■ **Work instructions**
The material below includes pictures; leave them out and return only the lines between the line containing "Wirefree Non Padded" and the line containing "DHFJKG Summer Dresses", inclusive, word for word.

■ **Supplied records**

--- START ---

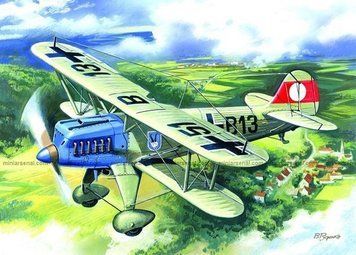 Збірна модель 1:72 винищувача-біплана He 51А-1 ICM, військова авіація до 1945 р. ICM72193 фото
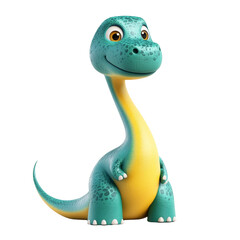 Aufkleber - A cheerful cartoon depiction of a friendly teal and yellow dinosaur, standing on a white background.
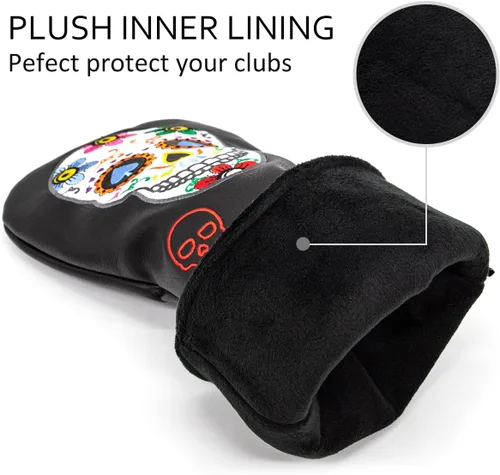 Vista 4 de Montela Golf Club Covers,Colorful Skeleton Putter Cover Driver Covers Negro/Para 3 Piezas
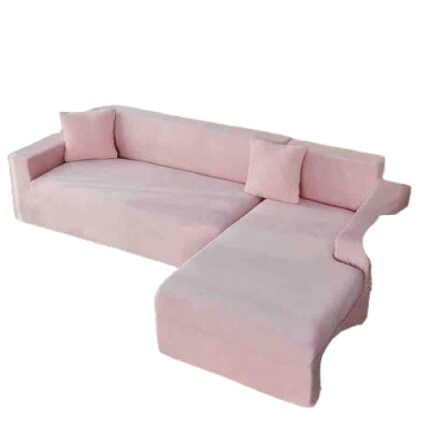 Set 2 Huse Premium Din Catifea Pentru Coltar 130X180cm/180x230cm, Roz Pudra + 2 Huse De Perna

--- END ---
--- START ---

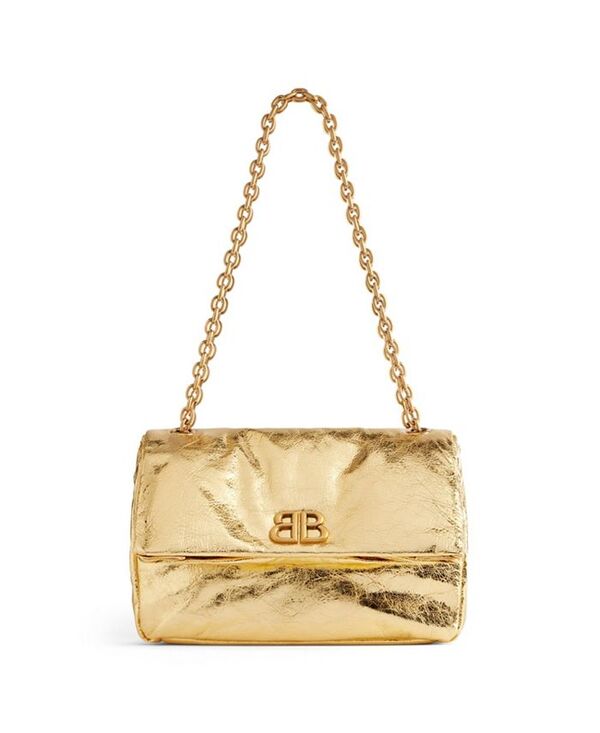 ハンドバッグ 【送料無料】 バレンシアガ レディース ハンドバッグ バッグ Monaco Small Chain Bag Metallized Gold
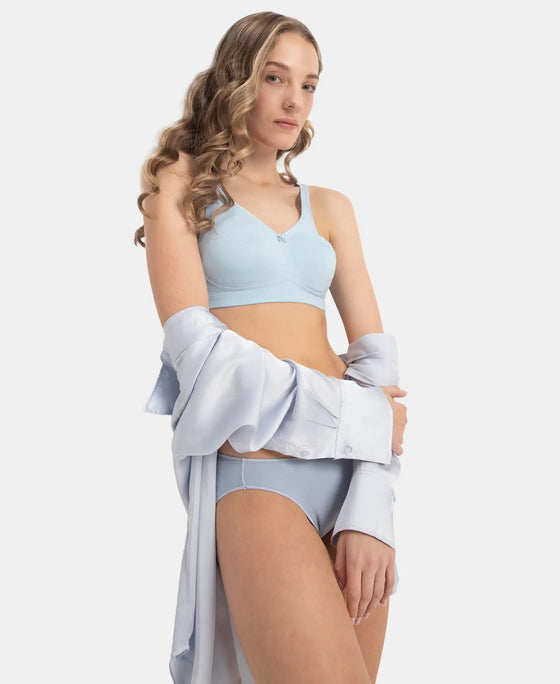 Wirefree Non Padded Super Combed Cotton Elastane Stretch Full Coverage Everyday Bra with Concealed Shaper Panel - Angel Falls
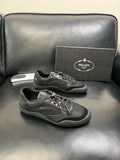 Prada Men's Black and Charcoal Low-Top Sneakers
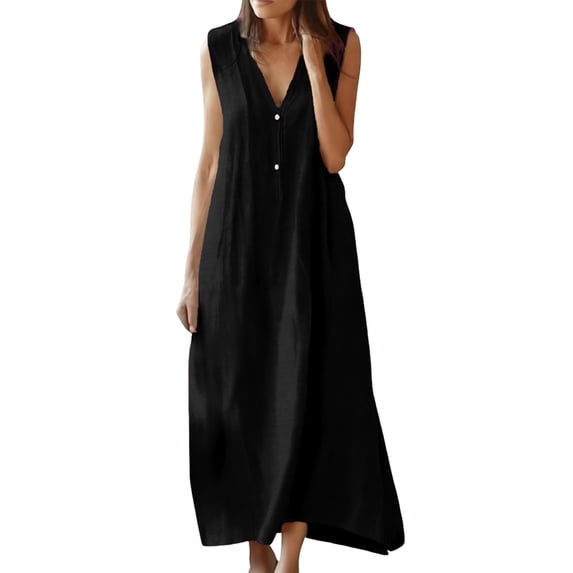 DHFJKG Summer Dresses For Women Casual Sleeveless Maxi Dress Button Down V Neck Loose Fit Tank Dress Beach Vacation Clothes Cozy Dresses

--- END ---

■ **Exercise output**
 Wirefree Non Padded Super Combed Cotton Elastane Stretch Full Coverage Everyday Bra with Concealed Shaper Panel - Angel Falls
 Prada Men's Black and Charcoal Low-Top Sneakers
 DHFJKG Summer Dresses For Women Casual Sleeveless Maxi Dress Button Down V Neck Loose Fit Tank Dress Beach Vacation Clothes Cozy Dresses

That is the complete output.